Well. The web server is extremely secondary to the system and the current solution, where the web server always yield to more important tasks and simply dies rather than risk corrupting anything important, feels perfect for the Soliton.

Redoing all the core PWM functionality to run in a RT-Linux system so it's guaranteed to never screw up would be a pain. Validating that it actually doesn't, ever, not even if there's a small flaw in, for example, the kernel code would be pretty much impossible for me without hiring people to help. I'd love to hire helpers (in fact, I have a wish list...) but, well, na. It's that annoying thing about money (or lack of) which kinda makes it impossible...

You're simply stuck with me and my tailor made monolithic code!


----------



## ddmcse (Oct 9, 2008)

It is easier to do what should be done already and that is to dump 
Internet Exploder and use a better browser.
I've had the issue with both XP and Win7 IE7 and IE9. It's a forgettable issue you generally don't go into change settings everyday.


----------



## ddmcse (Oct 9, 2008)

save settings to text

displays
Minimum gauge voltage 180V 
Maximum gauge voltage 80V 



on the controller it is set to:
min 80v
max 180v


----------



## hbthink (Dec 21, 2010)

This may be answered elsewhere but can I use a Soliton 1 or Junior with a 340V Battery Pack and then program the controller so my FB4001A only sees a maximum voltage of say 170v DC so its not damaged? What are the issues with using the controller to limit the DC level from a high voltage pack?

Steve
using Soliton Junior with FB4001A


----------



## DIYguy (Sep 18, 2008)

hbthink said:


> This may be answered elsewhere but can I use a Soliton 1 or Junior with a 340V Battery Pack and then program the controller so my FB4001A only sees a maximum voltage of say 170v DC so its not damaged?


Yes, you may.


hbthink said:


> What are the issues with using the controller to limit the DC level from a high voltage pack?


No issues.


----------



## hbthink (Dec 21, 2010)

Ok thats good. Now one other question the pack voltage total is 332.8 volts at 12.8 per module voltage rate. Its float voltage though is 13.8v for a total of 358.8 volts and the fully charged voltage could be even higher at 14.6 per pack or total of 379.6volts. Which voltage should I use for my max calculation and will the Soliton Junior be damaged if float or charge voltage hits it in excess of 330v max rated voltage?

I could also just limit the top end from the charger to keep the charged voltage lower?

Also would the average current be lower with the pack strung at a very high voltage but limited by the controller?

Steve


----------



## Tesseract (Sep 27, 2008)

hbthink said:


> ...will the Soliton Junior be damaged if float or charge voltage hits it in excess of 330v max rated voltage?


Your controller won't be damaged by too high a pack voltage, it will simply refuse to start up.

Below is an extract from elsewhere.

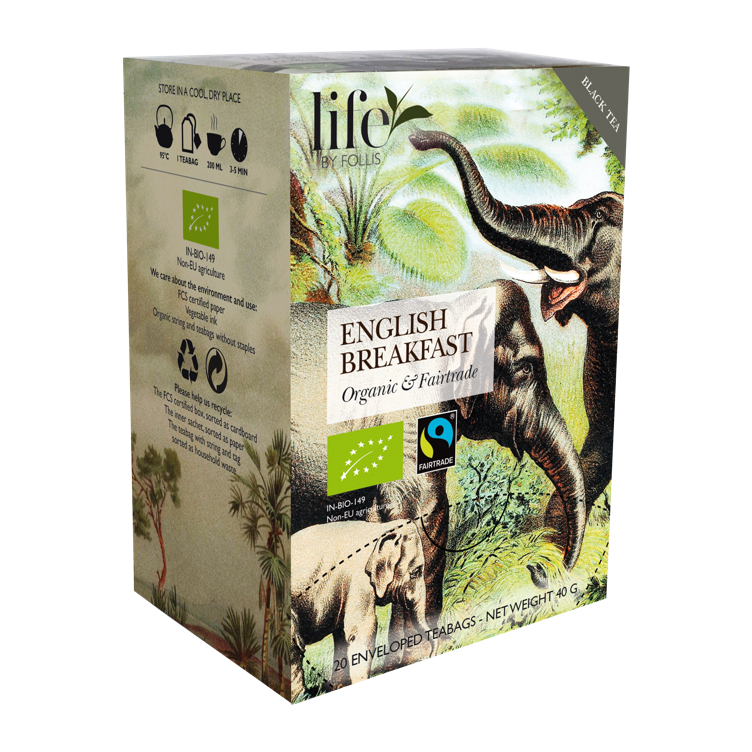 English breakfast tea økologisk & fairtrade 20stk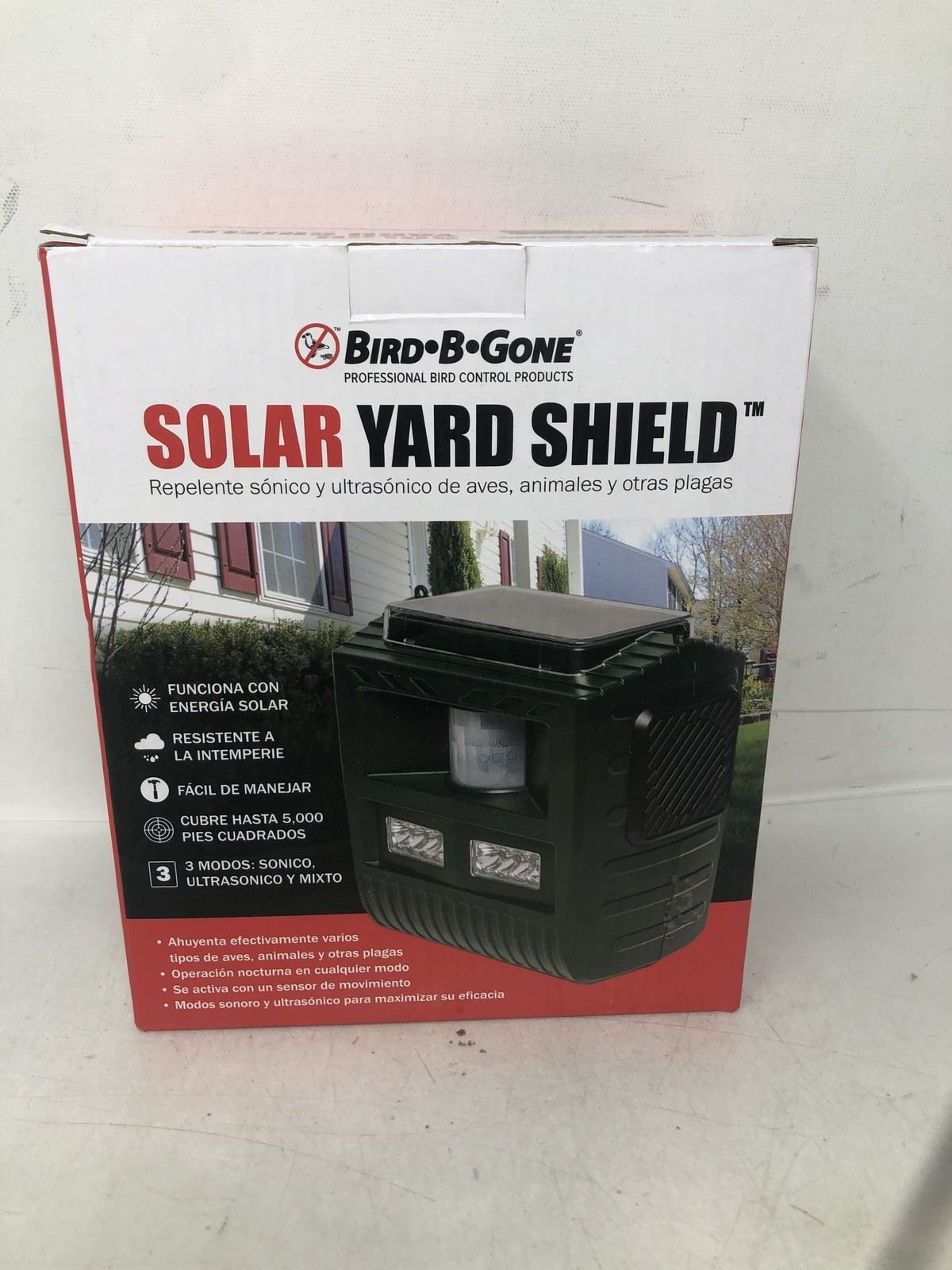 Bird B Gone Solar Yard Shield Animal & Pest Repeller,Gree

The upper limit is 340V for the Soliton1 and Soliton Jr, 425V for the Soliton Shiva.

Sounds like you better remove a battery or cells from your pack...



hbthink said:


> Also would the average current be lower with the pack strung at a very high voltage but limited by the controller?


Err... whut?

The higher the pack voltage, the lower the average current drawn for a given amount of output power since:

VBATTERY * IBATTERY = VMOTOR * IMOTOR 

(minus a volt or two on the motor side in losses)


----------



## ddmcse (Oct 9, 2008)

can someone look at this log and check for errors? 
thanks
DD


----------



## Tesseract (Sep 27, 2008)

ddmcse said:


> can someone look at this log and check for errors?
> thanks
> DD


Evnetics technical support is at the expected email address... (ie, "support" at our domain name (not spelling it out because of spambots)).

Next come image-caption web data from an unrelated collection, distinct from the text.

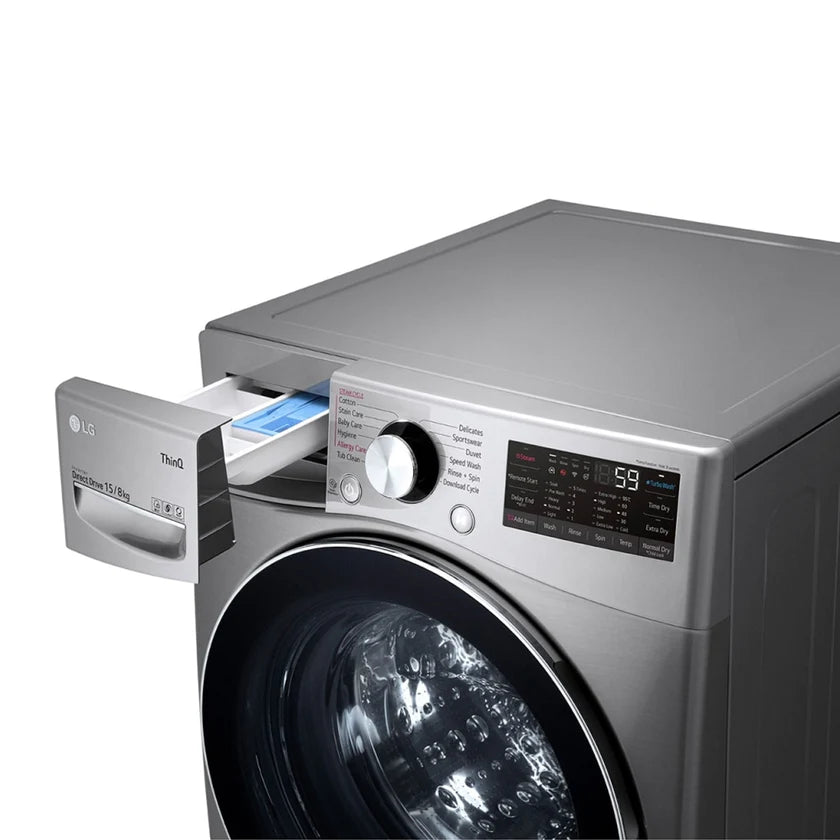 LG 15KG Inverter DD™ | Steam™ Front Load Washer Dryer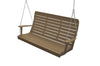 Keystone Amish Co. 5 Foot Salem Composite Poly Porch Swing, Weathered Wood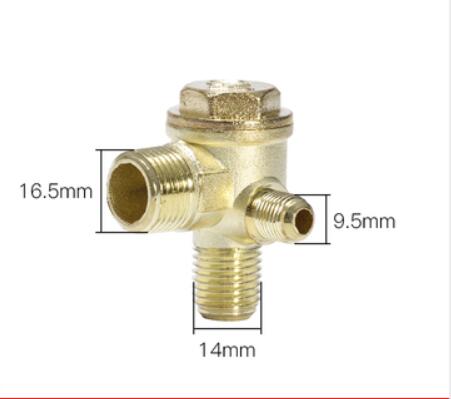 1/8 "3/8" 1/2 "9X10X13X14X16X19X20Mm M/F Draad Air Compressor Fittings Buitendraad Terugslagklep 1/8" Female X 3/8 "Man X 1/2" Mannelijke: Black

BTW - I tried to look at that log file but it appears to have come from a Linux computer as the numbers all run together, one line to the next. Qer can read that, but I can't.


----------



## ddmcse (Oct 9, 2008)

format changed to csv


----------



## Ziggythewiz (May 16, 2010)

Tesseract said:


> BTW - I tried to look at that log file but it appears to have come from a Linux computer as the numbers all run together, one line to the next. Qer can read that, but I can't.


FYI when working with Linux files in windows you can usually read them fine in wordpad (while notepad won't) and resaving makes it notepad compatible.


----------



## Tesseract (Sep 27, 2008)

Sorry, that's still too f'ed up for me to read. I didn't see any text errors when scrolling through it, but your log file still isn't formatted in a way I have ever seen before. 

Since you seem to want to put me on the spot, what's the problem you are trying to look for?


----------



## Tesseract (Sep 27, 2008)

Ziggythewiz said:


> FYI when working with Linux files in windows you can usually read them fine in wordpad (while notepad won't) and resaving makes it notepad compatible.


Yeah, I always forget that WordPad sucks less than Notepad, but even still it doesn't import right. I think there are not only no line feeds, there are no carriage returns, either. Hard to tell when one line ends and the next begins in that case.


----------



## Qer (May 7, 2008)

ddmcse said:


> can someone look at this log and check for errors?
> thanks
> DD


Yep. One big error. I can't make heads or tails of that file. 

Could you give me the original logger.txt that the logger program generates? Or, if you've made your own logging program, explain what the different columns correspond to?

I've figured out that the second (rather than the first) column is running time but the rest of the columns are a complete mystery to me.


----------



## ddmcse (Oct 9, 2008)

the log file was created using the EVSpeedo android app
I can open them by importing into OpenOffice Calc , not as easily as the logger.exe file but still easy. 
something cut out on me twice today and I happened to be logging 
lowest pack V was 145 . the cut outs happened right before I climbed a hill going to work . pack sag is not likey the issue as I climbed the hill without a problem after the 2 cut outs 
I got no throttle response and it does not appear to be pack voltage and the 12v system was fully charged


----------



## Tesseract (Sep 27, 2008)

Just to clarify for anyone else interested, the problem is that the Soliton1 is temporarily blocking the throttle "randomly".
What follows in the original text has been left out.